For Richard Linklater, that quote was the beacon that guided his new big-screen adaptation of “Where’d You Go, Bernadette.” 

Bernadette (Cate Blanchett), after all, is an enigma, as misunderstood by herself as she is by the patronizing parents at Bee’s school, who believe the once-celebrated architect to be little more than a tempestuous crackpot. In Maria Semple’s book, Bernadette’s saga unfolds largely through letters, emails, FBI reports, an emergency-room bill and other documents that don’t easily translate to the visual medium of film.

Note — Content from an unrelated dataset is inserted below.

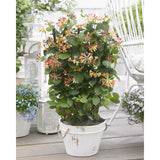 Lonicera Hybride 'Celestial - Ø15cm - ↕65cm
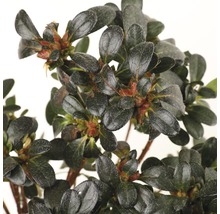 Azalea met bladeren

In exorcising Semple’s unconventional structure, Linklater returned to those cogent words from Bee. All he could do was try to understand Bernadette and help the movie’s audience do the same. 

“There’s an experimental filmmaker in me who goes, ’Yeah, let’s do this very literally like [the novel],’” Linklater said. “But the cinematic storyteller in me goes, ‘Oh, well, that’s actually distancing.’ It’s a literary device that obviously works brilliantly on the page, but for cinematic storytelling, it’s something else entirely. In some other world, there’s a very different version of this. You could probably make an extremely funny, wacky, screwball-y comedy. I mean, the film is still funny and quirky, I hope, but I think it goes into these deeper areas. There’s an emotionality.”

Richard Linklater directs Cate Blanchett and Billy Crudup in a scene from "Where'd You Go, Bernadette."



Richard Linklater directs Cate Blanchett and Billy Crudup in a scene from “Where’d You Go, Bernadette.”

Getting to that tender core wasn’t a simple task for Annapurna Pictures, the indie studio behind “Vice” and “Sorry to Bother You.” Annapurna acquired the rights to “Bernadette” in early 2013, when it was a freshly minted sensation. Scott Neustadter and Michael H. Weber, the well-known writing partners whose credits include “(500) Days of Summer” and “The Disaster Artist,” then penned a script. But when Annapurna founder Megan Ellison ― daughter of billionaire Oracle executive Larry Ellison ― started courting Linklater for the director’s chair, she didn’t disclose the existing screenplay.

“She wanted my take,” Linklater recalled. “I think she liked it when I told her, ‘Oh, Bernadette’s not crazy at all. She’s got these issues, but the world’s crazy. She’s just misinterpreted.’ It’s a tricky adaptation. You don’t want people to think Bernadette is mentally ill. It’s a dance. In a film, a little bit indicates a lot, whereas in a book, you can go pages and pages and it’s hilarious. In the film, you represent something and it becomes real.”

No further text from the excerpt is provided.